NIGERIA: China Civil Engineering Construction Corp is to complete the long-planned 1 435 mm gauge railway linking Lagos and Kano, under a U$6·68bn contract signed in Abuja on May 15.

During the signing ceremony Transport Minister Rotimi Amaechi said the line should be completed in two to three years, ‘depending on availability of funds’. The work will largely be funded by loans from Chinese banks, and the minister said the government would be able to fund the local share from its 2018 and 2019 budgets.

CCECC is currently building a 156 km standard gauge line from Lagos to Ibadan, paralleling NRC’s existing 1 067 mm gauge Western main line which connects the country’s commercial hub with Kano and the north. Work on this section was initiated by Vice-President Yemi Osinbajo in March 2017. The company had previously completed an isolated standard gauge line from Ido, near Abuja, to Kaduna, which was inaugurated by President Buhari in 2016, and was awarded another $1·69bn contract that year to extend the route from Kaduna to Kano.

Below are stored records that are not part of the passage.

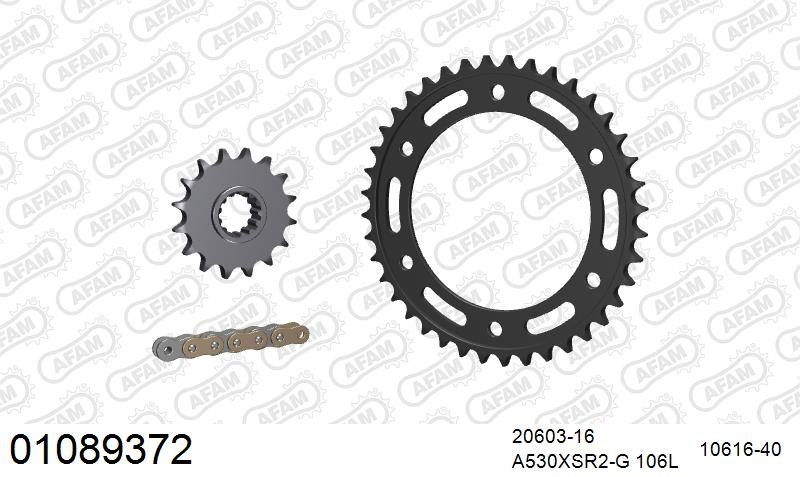 530XSR2 106 MRS (RIVET) GOLD & SPROCKETS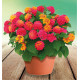 LANTANA PLAYA SUN JUANA®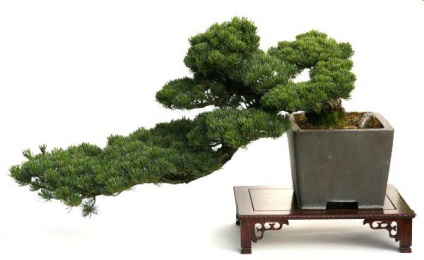 Hogyan Bonsai drót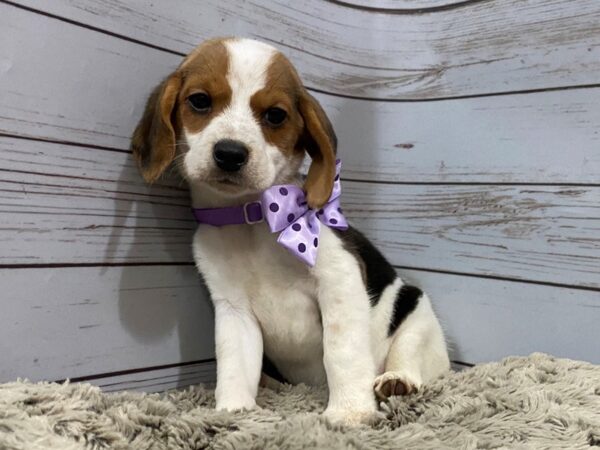 Heeler/Beagle-DOG-Female-Black White / Tan-12097-Petland Batavia, Illinois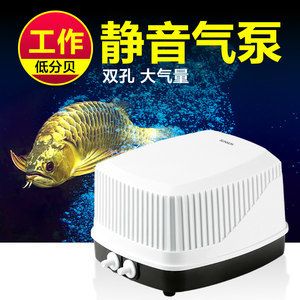 龍魚(yú)缸氧氣泵用不用一直開(kāi)著：魚(yú)缸氧氣泵需要24小時(shí)開(kāi)著嗎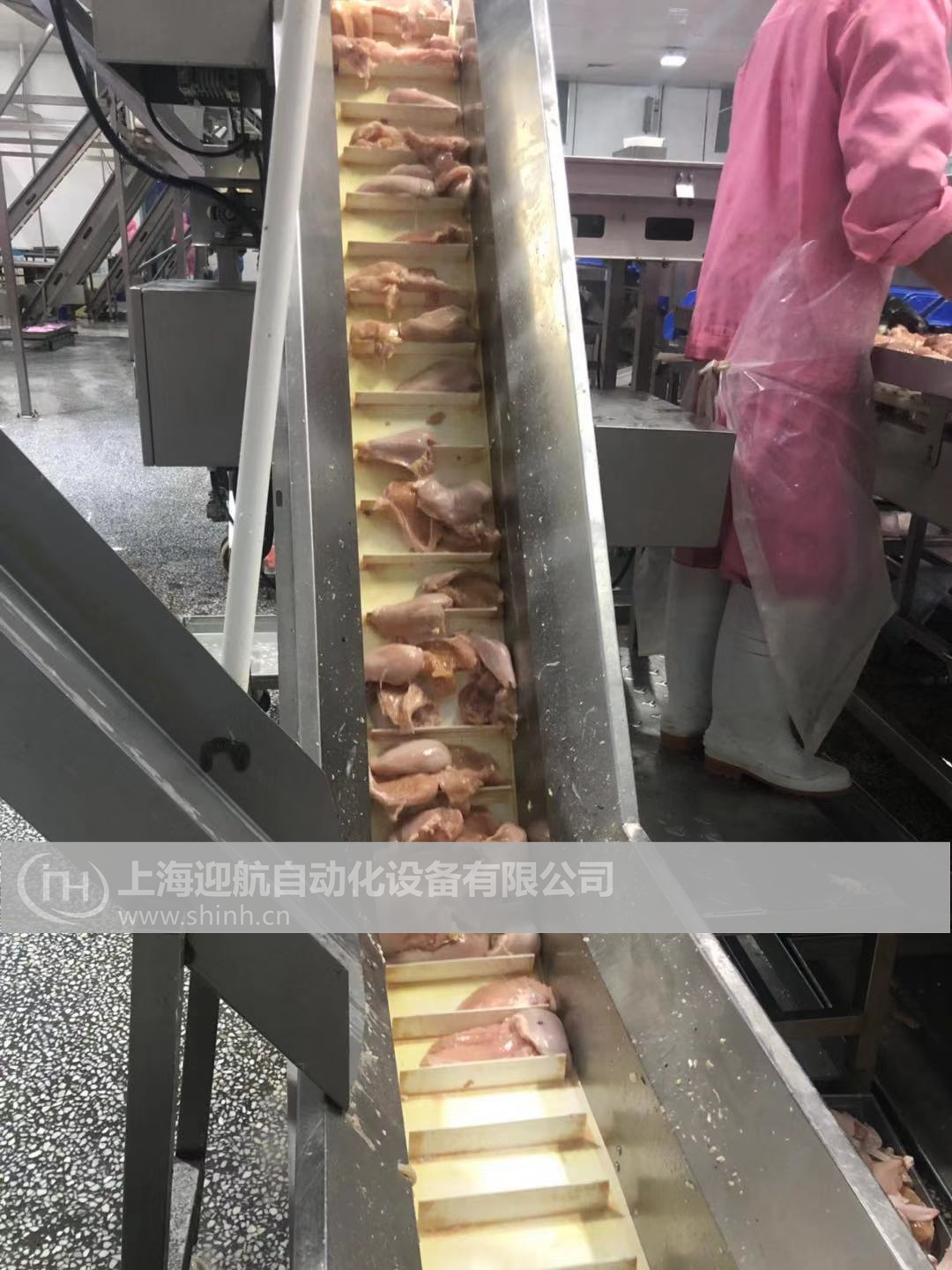 肉制品皮帶輸送機(jī)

According to the ministry, ‘the signing of the Ibadan – Kaduna contract agreement concludes all outstanding segments of the Lagos – Kano railway’. Like the existing railway, the route is expected to serve Oshogbo, Ilorin and Minna, and there will be a branch from Oshogbo to Ado-Ekiti. The line would also connect with the 650 km east-west Nigerian Coastal Railway linking Lagos and Calabar, which is being developed by CCECC’s parent China Railway Construction Corp under a US$12bn contract awarded in 2014.

Construction of the standard gauge lines is separate from the concession for a GE-led consortium including SinoHydro, Transnet of South Africa and APM Terminals to rehabilitate and operate NRC’s existing 3 505 km narrow gauge network. The consortium had been selected last year, and the concession agreement was finally signed by the government on April 27, following the approval of a US$1·23bn loan from China’s Eximbank to fund the modernisation work.